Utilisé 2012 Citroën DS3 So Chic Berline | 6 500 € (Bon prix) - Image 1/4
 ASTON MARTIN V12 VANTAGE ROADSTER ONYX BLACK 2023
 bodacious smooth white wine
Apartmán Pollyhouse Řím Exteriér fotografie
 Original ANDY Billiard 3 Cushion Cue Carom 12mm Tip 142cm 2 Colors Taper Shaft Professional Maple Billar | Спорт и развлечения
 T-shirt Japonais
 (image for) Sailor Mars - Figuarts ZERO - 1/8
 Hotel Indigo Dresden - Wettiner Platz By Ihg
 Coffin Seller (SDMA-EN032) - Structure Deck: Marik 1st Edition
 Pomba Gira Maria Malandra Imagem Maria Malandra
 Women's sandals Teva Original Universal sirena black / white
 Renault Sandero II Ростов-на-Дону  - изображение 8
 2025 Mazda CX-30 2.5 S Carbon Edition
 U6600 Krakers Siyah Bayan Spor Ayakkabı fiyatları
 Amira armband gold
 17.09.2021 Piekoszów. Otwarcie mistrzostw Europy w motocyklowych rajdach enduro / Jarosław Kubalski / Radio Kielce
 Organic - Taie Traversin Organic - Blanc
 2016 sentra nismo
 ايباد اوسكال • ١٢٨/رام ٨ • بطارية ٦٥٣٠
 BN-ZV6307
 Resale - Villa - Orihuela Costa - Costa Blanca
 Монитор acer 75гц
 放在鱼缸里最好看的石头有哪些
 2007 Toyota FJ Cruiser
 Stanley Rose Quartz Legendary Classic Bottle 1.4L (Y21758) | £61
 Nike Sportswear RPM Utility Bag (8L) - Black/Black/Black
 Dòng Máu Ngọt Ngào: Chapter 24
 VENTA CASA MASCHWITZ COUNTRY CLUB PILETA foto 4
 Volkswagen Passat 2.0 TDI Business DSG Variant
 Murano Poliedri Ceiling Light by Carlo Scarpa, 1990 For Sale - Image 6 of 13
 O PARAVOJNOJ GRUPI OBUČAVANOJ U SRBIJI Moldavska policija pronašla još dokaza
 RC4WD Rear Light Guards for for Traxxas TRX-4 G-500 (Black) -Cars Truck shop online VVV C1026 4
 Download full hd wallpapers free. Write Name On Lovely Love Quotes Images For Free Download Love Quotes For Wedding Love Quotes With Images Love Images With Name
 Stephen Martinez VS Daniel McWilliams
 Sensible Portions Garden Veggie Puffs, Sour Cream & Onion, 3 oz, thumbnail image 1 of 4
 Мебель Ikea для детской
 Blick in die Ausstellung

| HOW TO COMPLETE THIS TASK |
Everything from the line with "2007 Toyota FJ Cruiser" to the end of the listing, and only that, is to be set down exactly, line by line.

| RESPONSE |
 2007 Toyota FJ Cruiser
 Stanley Rose Quartz Legendary Classic Bottle 1.4L (Y21758) | £61
 Nike Sportswear RPM Utility Bag (8L) - Black/Black/Black
 Dòng Máu Ngọt Ngào: Chapter 24
 VENTA CASA MASCHWITZ COUNTRY CLUB PILETA foto 4
 Volkswagen Passat 2.0 TDI Business DSG Variant
 Murano Poliedri Ceiling Light by Carlo Scarpa, 1990 For Sale - Image 6 of 13
 O PARAVOJNOJ GRUPI OBUČAVANOJ U SRBIJI Moldavska policija pronašla još dokaza
 RC4WD Rear Light Guards for for Traxxas TRX-4 G-500 (Black) -Cars Truck shop online VVV C1026 4
 Download full hd wallpapers free. Write Name On Lovely Love Quotes Images For Free Download Love Quotes For Wedding Love Quotes With Images Love Images With Name
 Stephen Martinez VS Daniel McWilliams
 Sensible Portions Garden Veggie Puffs, Sour Cream & Onion, 3 oz, thumbnail image 1 of 4
 Мебель Ikea для детской
 Blick in die Ausstellung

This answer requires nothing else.